Tel Aviv’s “Fast Lane” For Traffic Safety and the Environment

Commuters will ride for free. But will the toll-run “fast lane” help solve Tel Aviv’s increasing traffic nightmare?

Looking for a faster way to get to Tel Aviv from Jerusalem every day? Instead of being stuck in the daily traffic jam, a daily routine for drivers coming from both Israel’s capital and the bedroom communities of Modiin and Beit Shemesh, why not try the fast lane?

It’s now possible to take the new “fast lane” which will enable those traveling on it to reach the main traffic artery of Tel Aviv, the Ayalon Freeway, in only 11 minutes instead of commuter times of up to two hours. The new 13 km stretch will actually be a toll road to cars with less than 4 passengers. Busses and cars with at least four passengers will get to use it for free.
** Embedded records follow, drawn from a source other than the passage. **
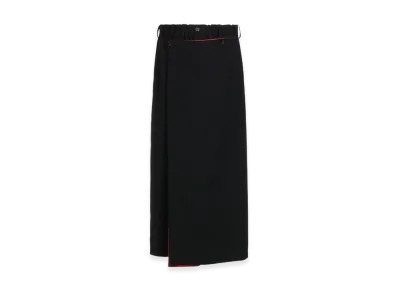 S'YTE Gabardine Mural Lace Faded Flocky Linen Cloth Wrap Pants "Black/Red"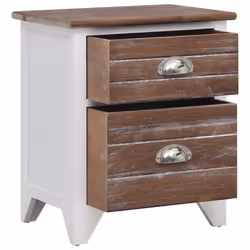 VidaXL 242042 Table de nuit et table de chevet Marron, Blanc - Vue supplémentaire 4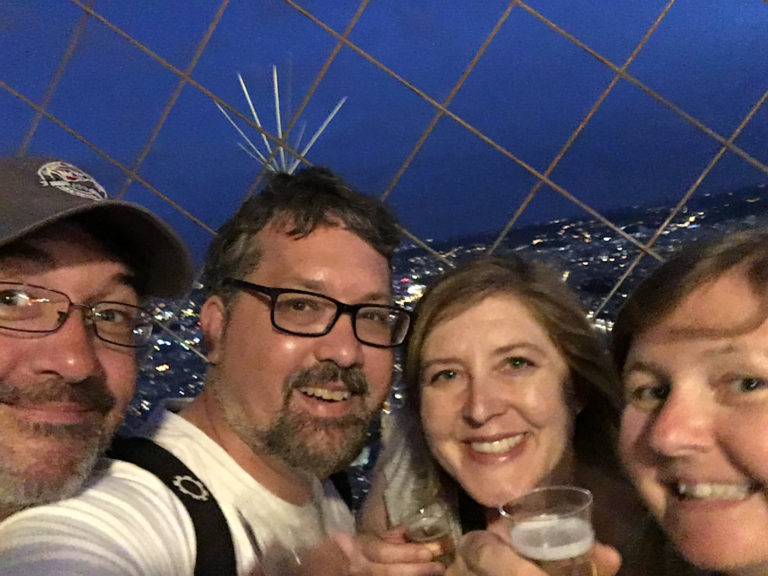 Mignight, at the top of the Eiffel Tower.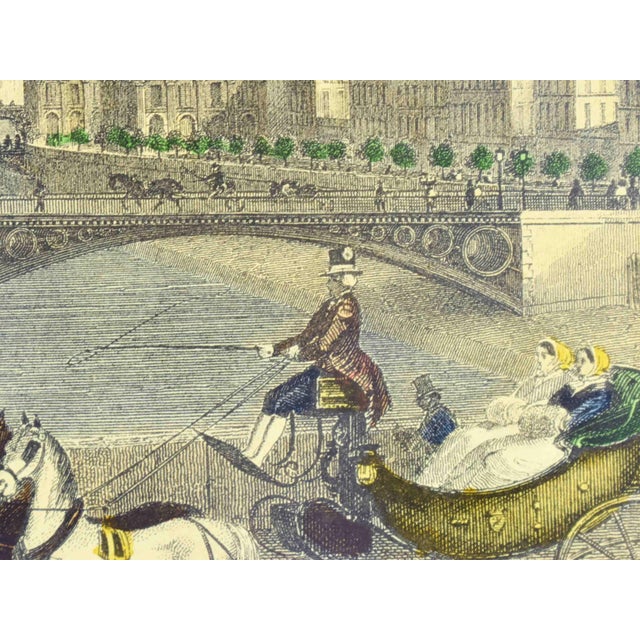 Mid 20th Century Mid 20th Century Hand Colored "View of the Quays From the Pont Royal" Framed Print After Rouargue For Sale - Image 5 of 12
According to estimates in the Marker, between 1,600 to 2,000 cars an hour are forecast to use the lane during busy times. The toll is expected to be between NIS 17 and NIS 20 during rush hour. When the measured speed will drop to below 70p km per hour, the toll cost will increase, due to more cars using the lane. How will this impact the environment?

The “fast lane”

The whole idea of this new lane is to reduce traffic flow into Israel’s largest city,while at the same time making it more convenient to get into the city that never sleeps.

Commuters will have to option to park their cars in parking lots at the beginning of the new lane and from there take special free commuter shuttle buses into the city.

The idea is to save both on the amount of cars going into Tel Aviv daily on Highway One, as well as reduce the amount of fuel used and be less polluting to the environment.

Special lanes to reduce traffic flow into Tel Aviv is not new, and numerous plans have been in the works, including a plan already in effect to ban trucks coming into Tel Aviv between the hours of 6 and 9 a.m.

Another plan, involving the construction of a light rail line, similar to the one now being built in Jerusalem, has been in the planning stage for years, and involves a number of proposed rail lines going into and through the city.

But perhaps an even idea better idea for reducing the amount of air pollution on the roads going into Tel Aviv could be the use of electric powered vehicles and other less polluting types of cars. The year 2011 is supposed to see the beginning of electric cars being driven on the roads in Israel, thanks to the efforts being made by Shai Agassi’s Better Place company.

Taking this in mind, maybe building a special lane for the exclusive use of electric powered vehicles might be an even better idea than the new fast lane entering Tel Aviv from Highway One. Or rent a van (van locator online) so you can commute in bulk with all your pals.

Read more on traffic:

Will the Tel Aviv Light Rail Line Ever Happen? Do We Want it to?

Tel Aviv Will Ban Trucks during Morning hours to Reduce Congestion

How do You Stop Traffic Congestion in Cairo? With helicopters!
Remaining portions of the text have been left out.